Some of the areas of decision making in which big data trends help us are:
- Customer acquisition costs:
It helps us to analyze how much we have spent to get this type of customer. In case if we spend more then we have to make sure that the customers are loyal to us, make more purchases from us and we have to provide them with services that keep them bound to us. In case if this is not going to happen, then we can use the feedback we got using big data analytics, and we can change the acquisition costs.
- Customer retention costs:
It helps us to analyze what our customers need from us to stay with us. It helps to gain the information whether they need customer service or they are expecting the improvement in the product quality, or they are expecting it to be manufactured differently. In any business, customer acquisition costs are more compared to customer retention costs. Using big data analytics, we can find out the information using the previous data available regarding our customers and make the decisions accordingly.

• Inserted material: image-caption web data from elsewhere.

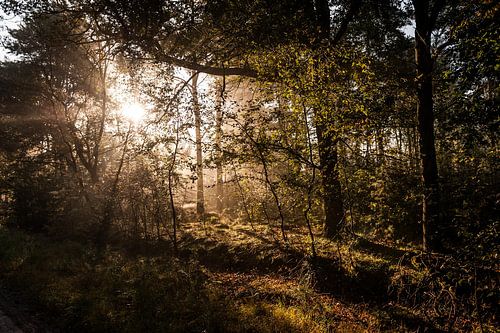 Opkomende zon in het bos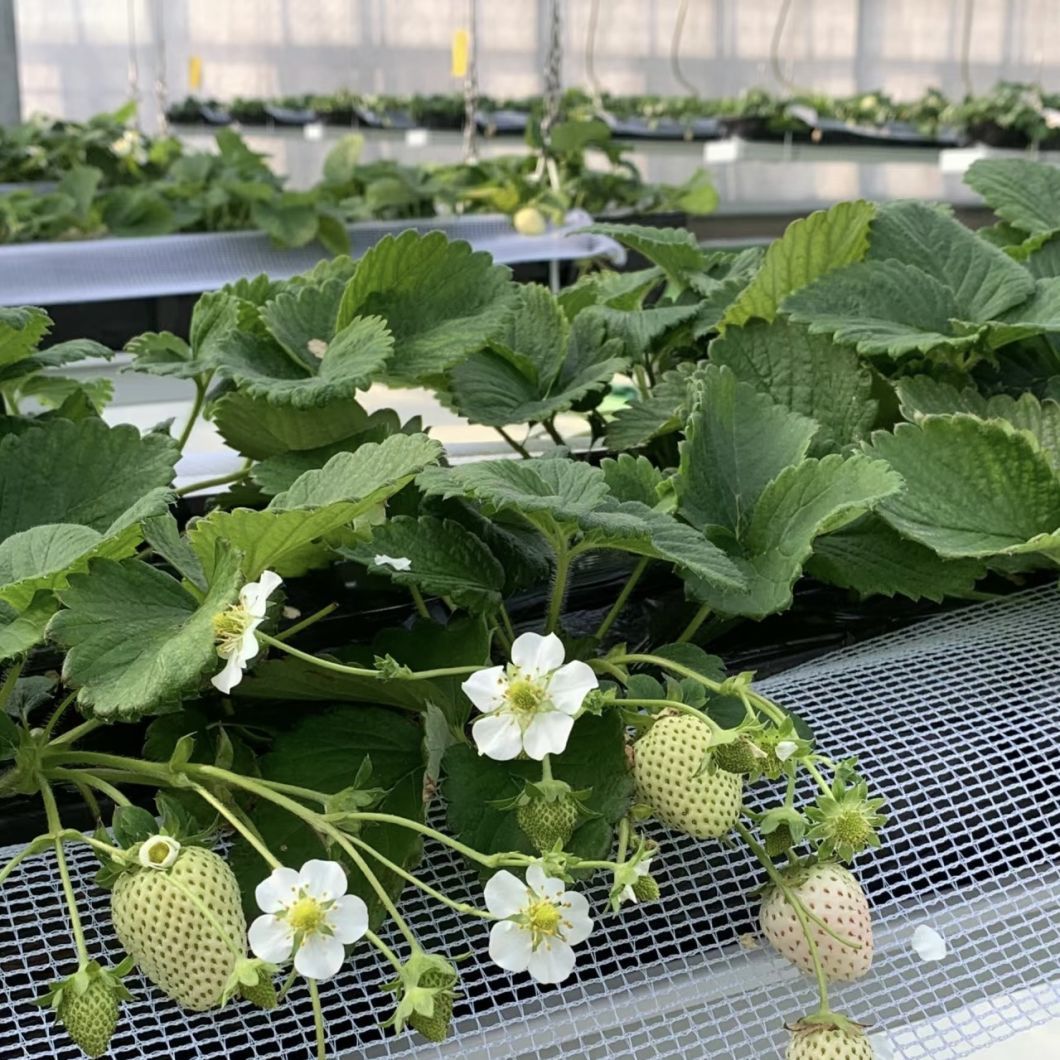 Glass Greenhouse for Flower Cultivation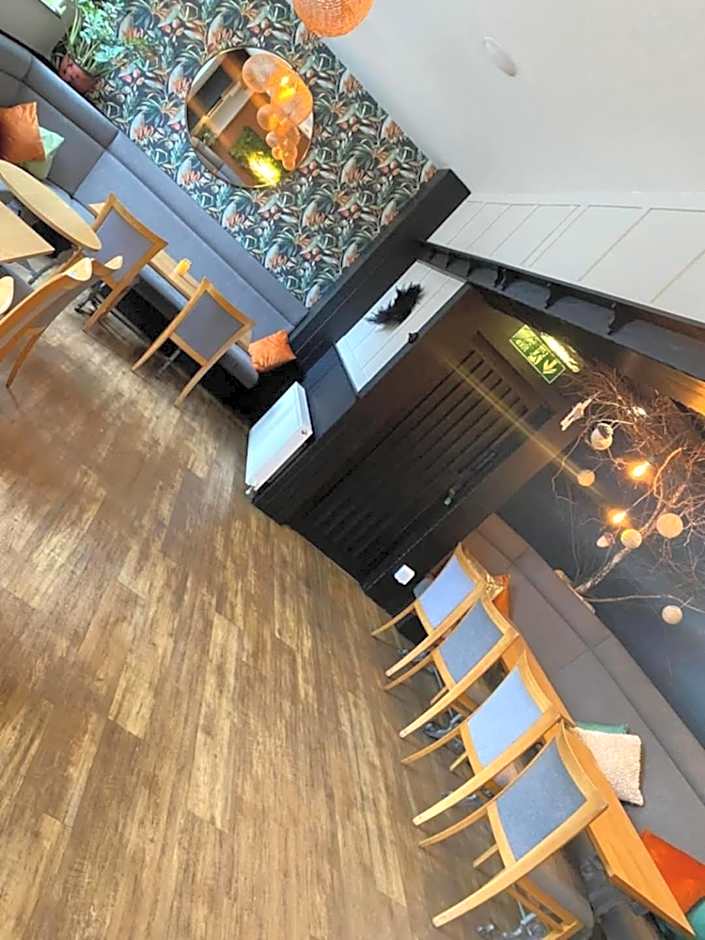 The Bear On The Square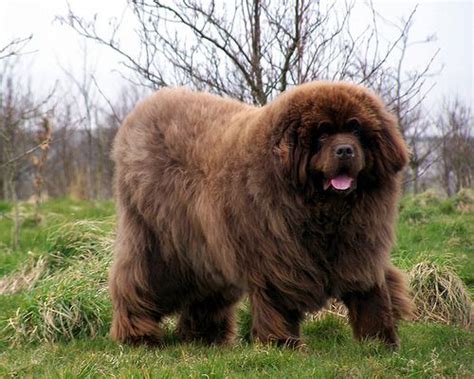 Maybe you would like to learn more about one of these? newfoundlands | Dog Photo Of The Day: Newfoundland Or Bear ...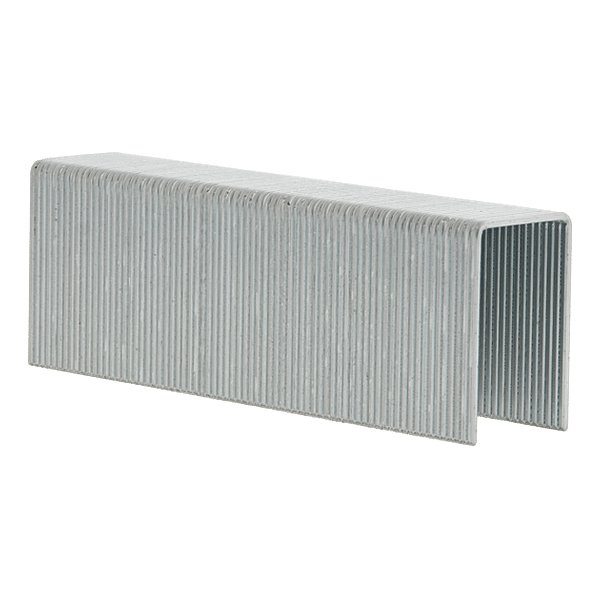 Agrafes W16 photo du produit visuel_1 2XL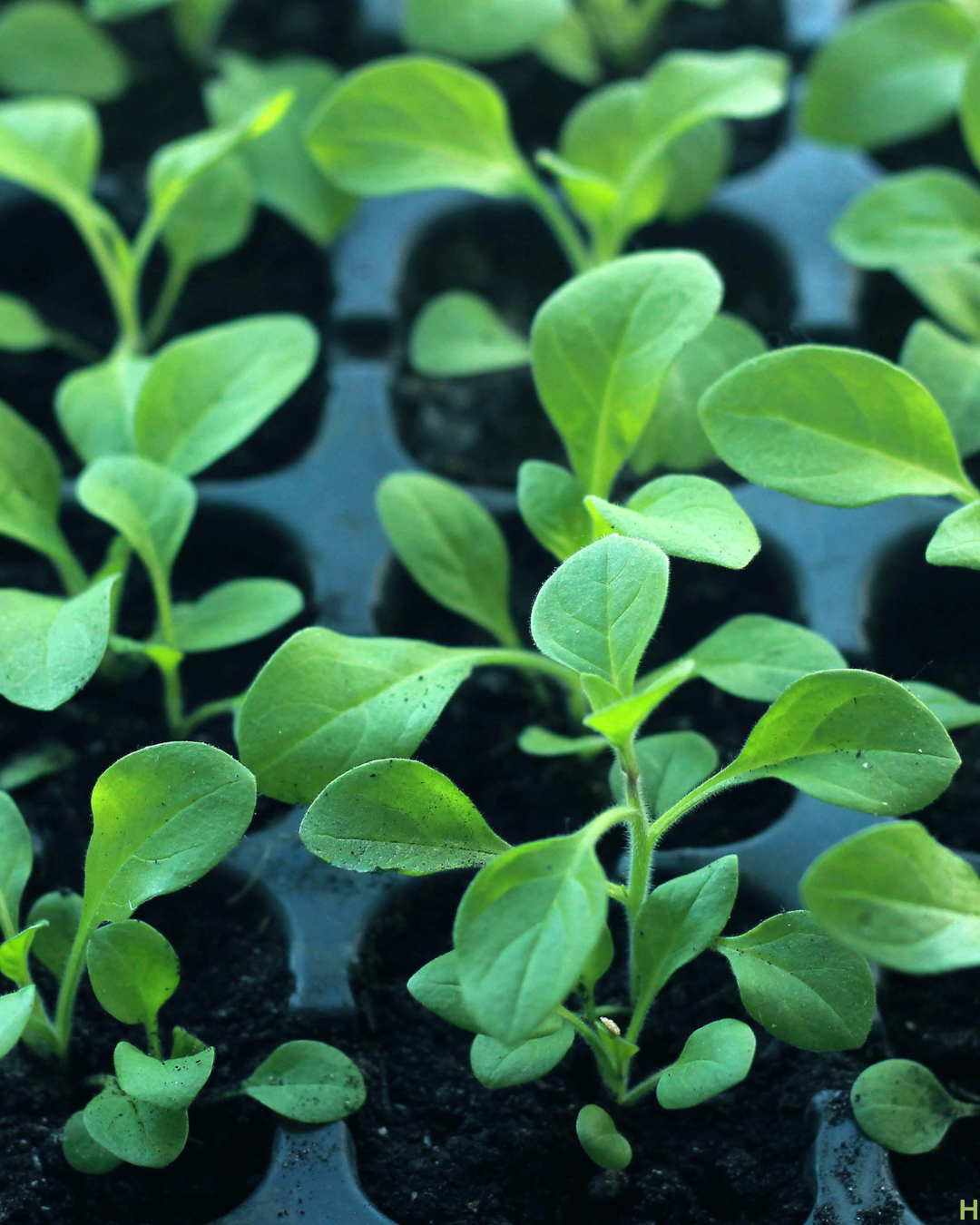 The Ultimate Bloom Bundle- Grow Your Own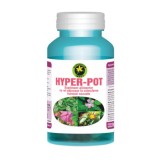 Cumpara ieftin Hyper-Pot 60cps Hypericum, Hypericum Plant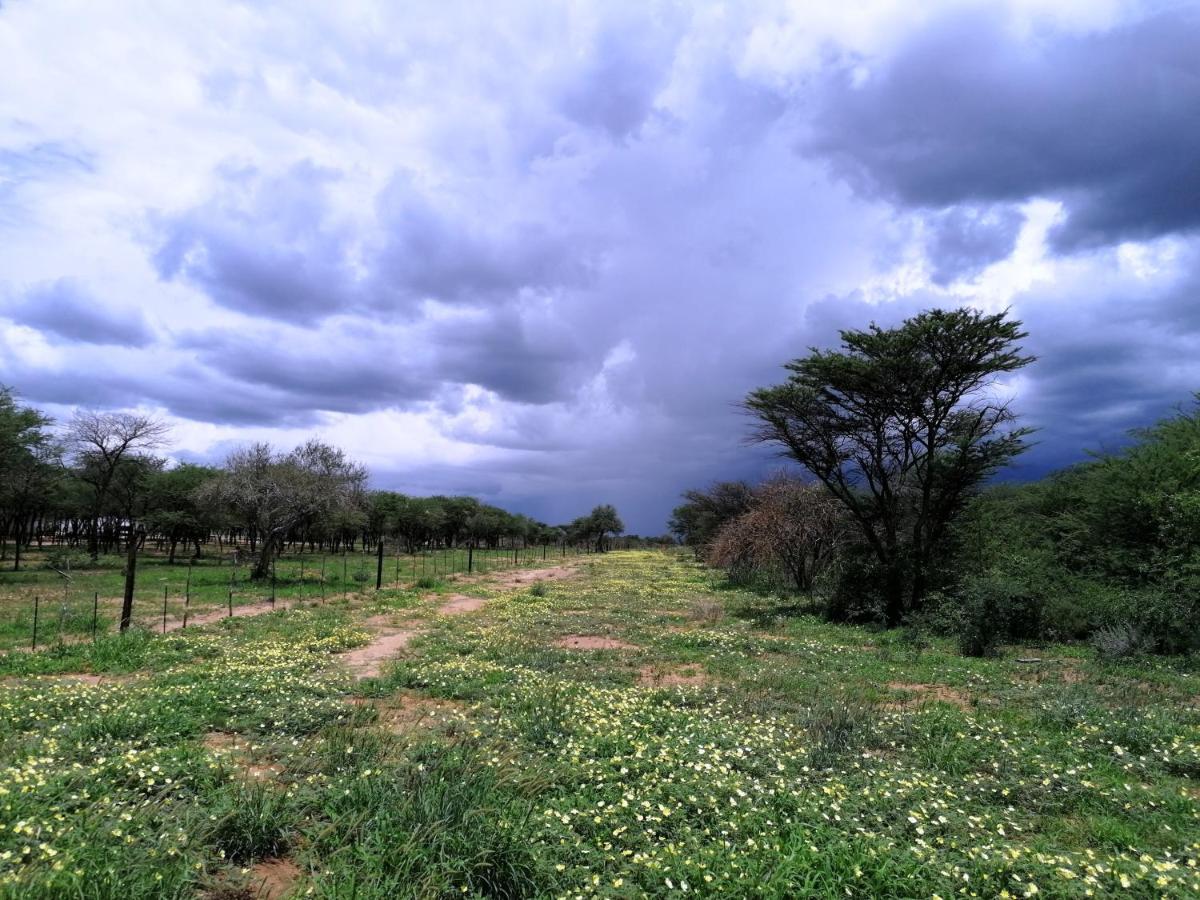 Lion'S Den Guesthouse Otjiwarongo Buitenkant foto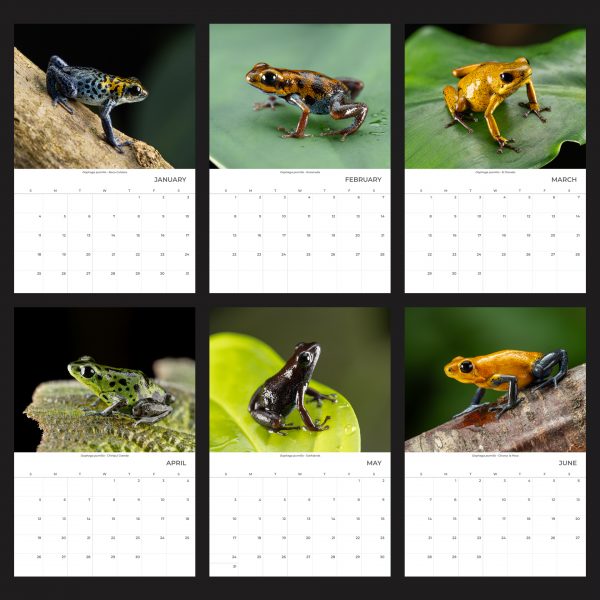 11x16.5" Wall Calendar 2026 January - June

- Average purchase amounts and behaviour:
It is necessary to know how much our customers are willing to spend for a certain kind of product. We need to know if they are happy to spend more if we are going to make any changes to our product to launch a sibling for our product. Sometimes it is not just the cost on which the sale of the product is dependent on sometimes; it also depends on the value. By using big data analytics, we can get the demographic representation of our customer’s interests.
- Customer satisfaction and happiness:
Once we step into any business, the first step is to make sure that our customers are happy so that we can make them loyal to us. We have to analyze whether our customers are happy or unhappy. In case we find out that our customers are unhappy, we need to dig out the reason behind their unhappiness and provide them with what they want. To dig out the reason, the easy way is to compare a bunch of happy customers with a bunch of unhappy ones. The differences can be easily figured out using the results provided by using big data analytics.
- Value alignment:
Whenever we start a business, we intend that some group of customers should buy our products. Once our product is out in the market, we have to check whether they are buying it. In case they are not buying, we have to dig the reason behind that. If we do this, it will help us to track our needs to increase our customer sales. This kind of information can also be extracted using big data analytics.
- Lifetime value:
We need to calculate the amount of money that the customers are ready to invest in our product and on our company in their full lifetime. So this will help us to know when we are going to stay in the market and when there are chances for us to see a downfall. Once we have this information, then we can provide our customers with what they need, and in turn, we can stay happy. To get this information, we need to analyze a very bulk amount of data, and big data analysis is going to help us for the same.
- To provide effective customer service:
The success of any business depends on the customer service they provide. We can convince any customer to buy our product if we have good marketing skills, but in case if you are expecting the customer to come back and buy your product repeatedly, we should be able to provide the best customer service. To analyze the kind of customer service to be provided to the product, also big data analytics will help us.
The future of big data analytics is bright. It helps to analyze the market trends and analyze customer trends. It is being used currently in many fields like life sciences, banking, manufacturing, retail, by government, and in many other fields.